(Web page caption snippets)
+ + + + + + +

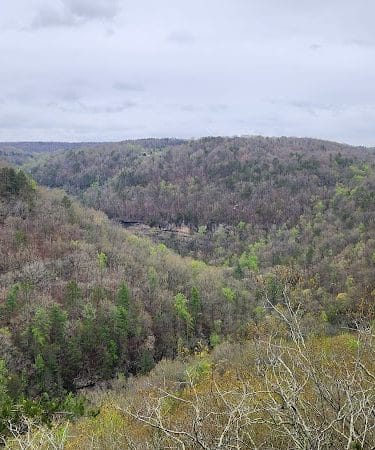 Lower Leggett Rd.Trail Head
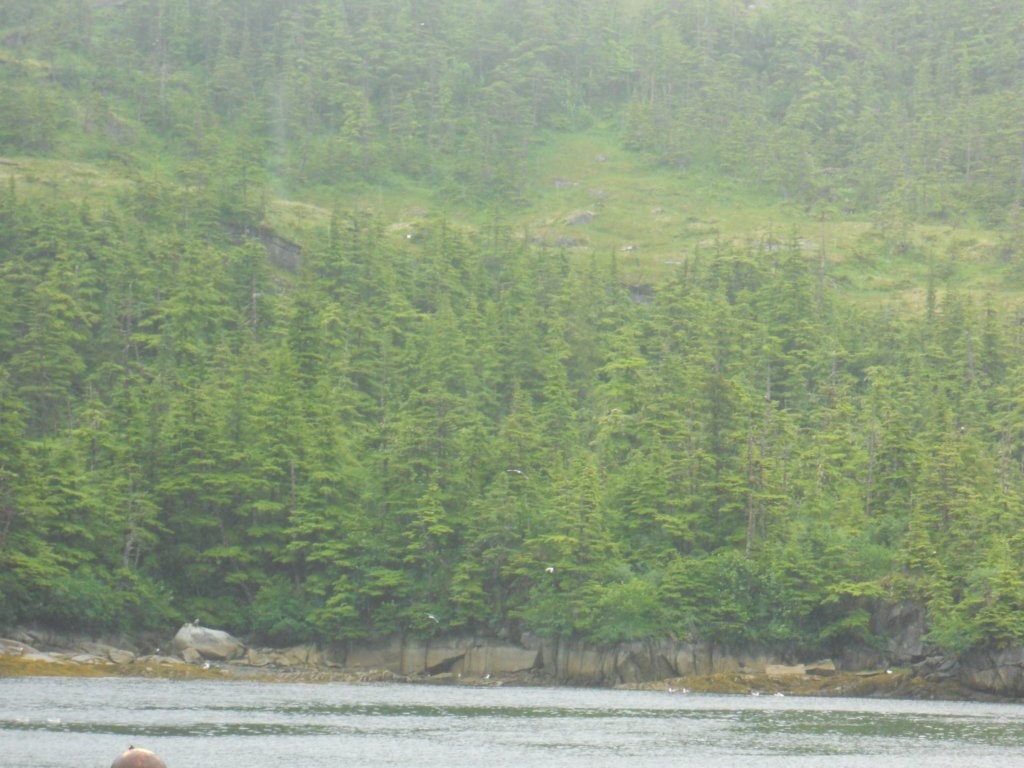 dscn1293.jpg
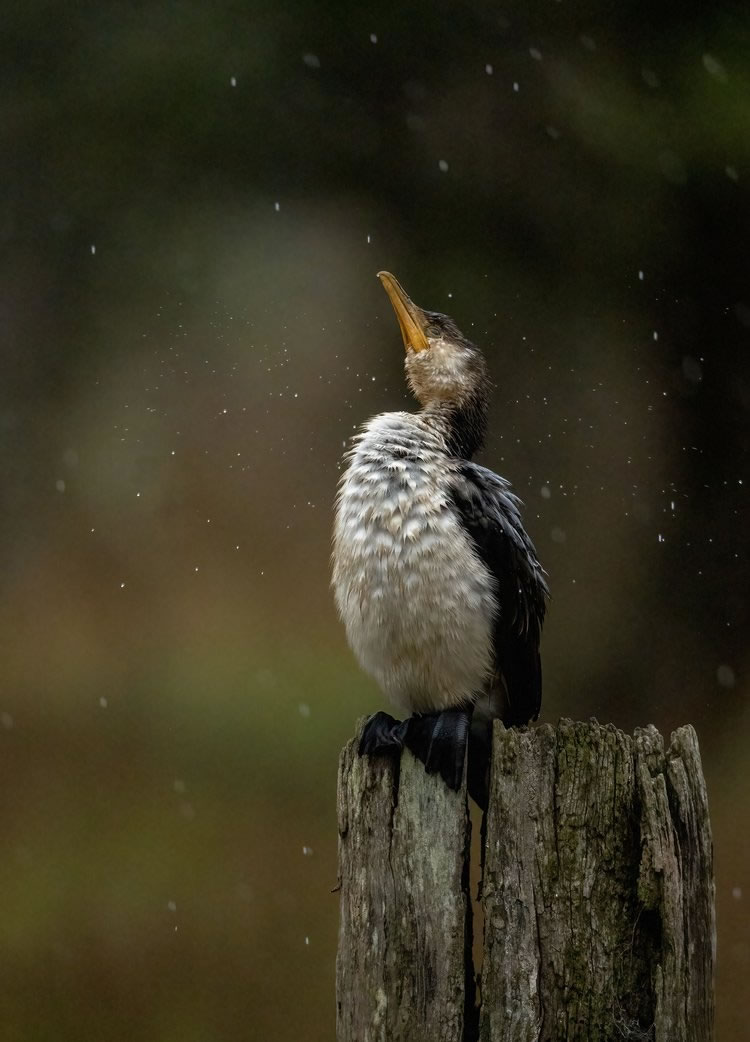 Birdlifefe Australia Photography Awards 2023 09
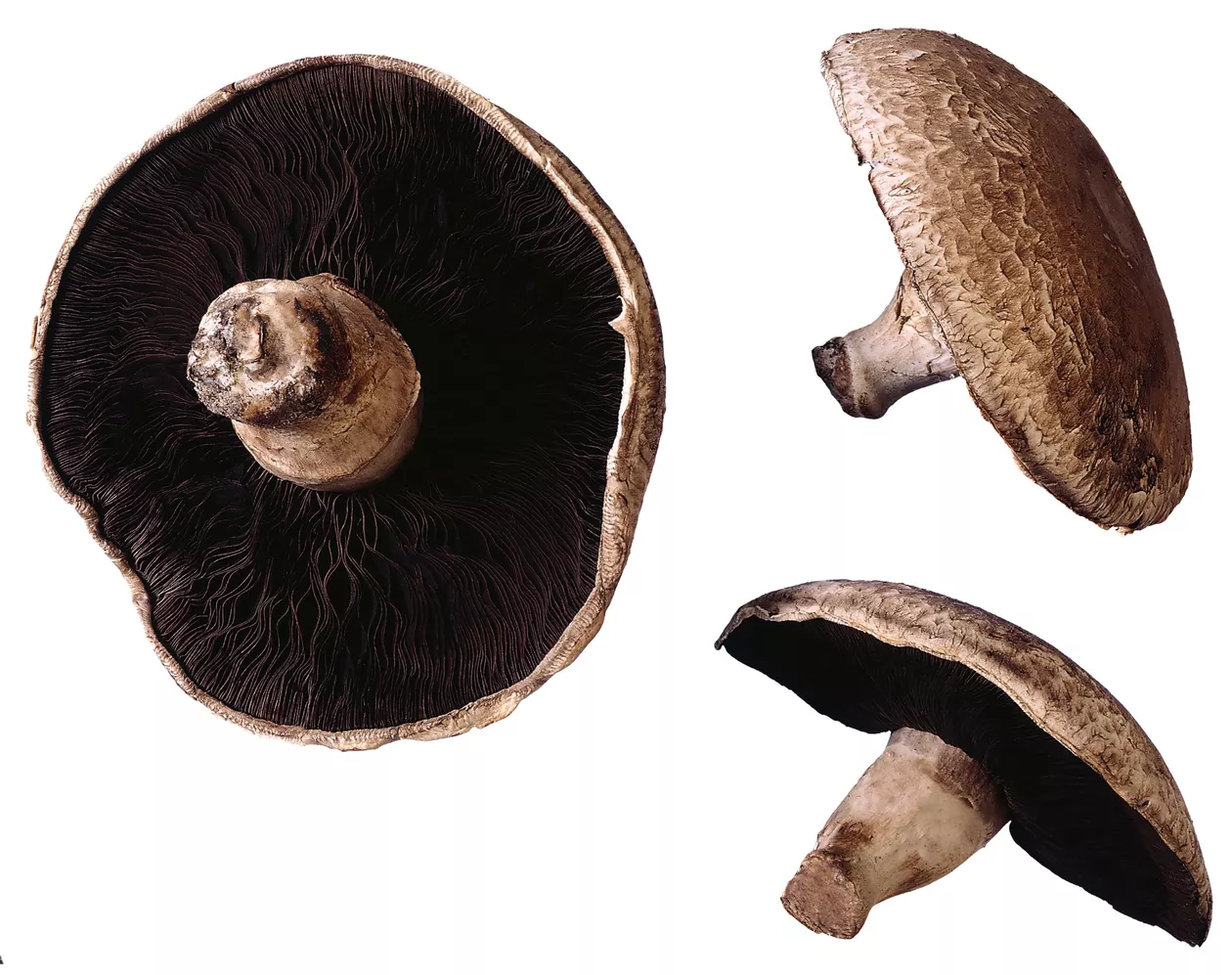 portobello mushrooms health benefits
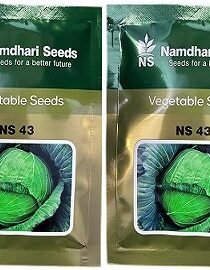 Namdhari NS 43 F1 Hybrid Cabbage Seeds — High-Yield Cabbage Seeds (14g)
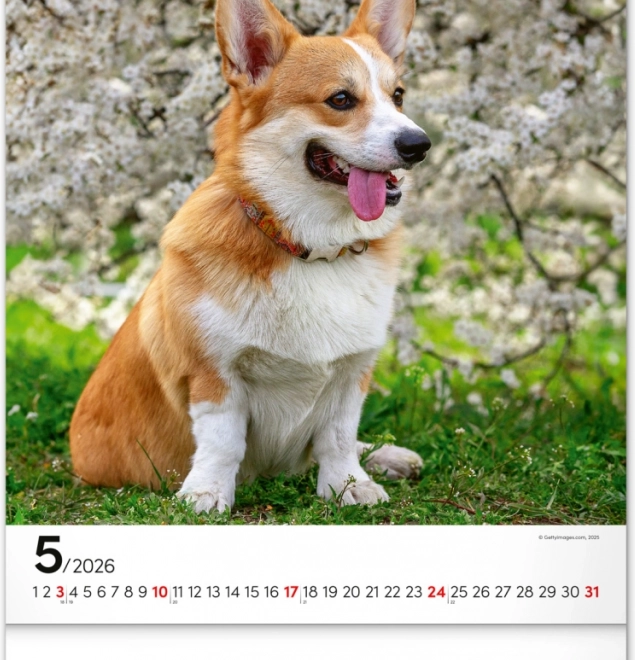 Calendrier mural Chiens 2026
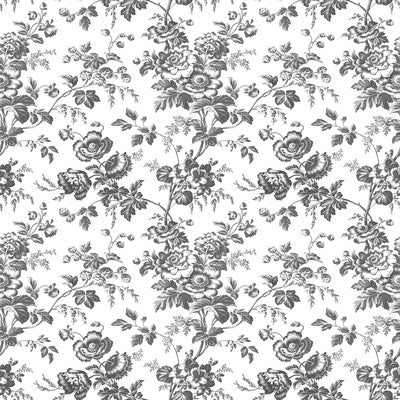 KRAVET DESIGN KRAVET DESIGN PRINT---BOTANICAL & FLORAL BLACK,WHITE,   - W4243.8.0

+ + + + + + +

Work to be completed: Without including any picture, repeat the data exactly.

Task output:
 Lower Leggett Rd.Trail Head
 dscn1293.jpg
 Birdlifefe Australia Photography Awards 2023 09
 portobello mushrooms health benefits
 Namdhari NS 43 F1 Hybrid Cabbage Seeds — High-Yield Cabbage Seeds (14g)
 Calendrier mural Chiens 2026
 KRAVET DESIGN KRAVET DESIGN PRINT---BOTANICAL & FLORAL BLACK,WHITE,   - W4243.8.0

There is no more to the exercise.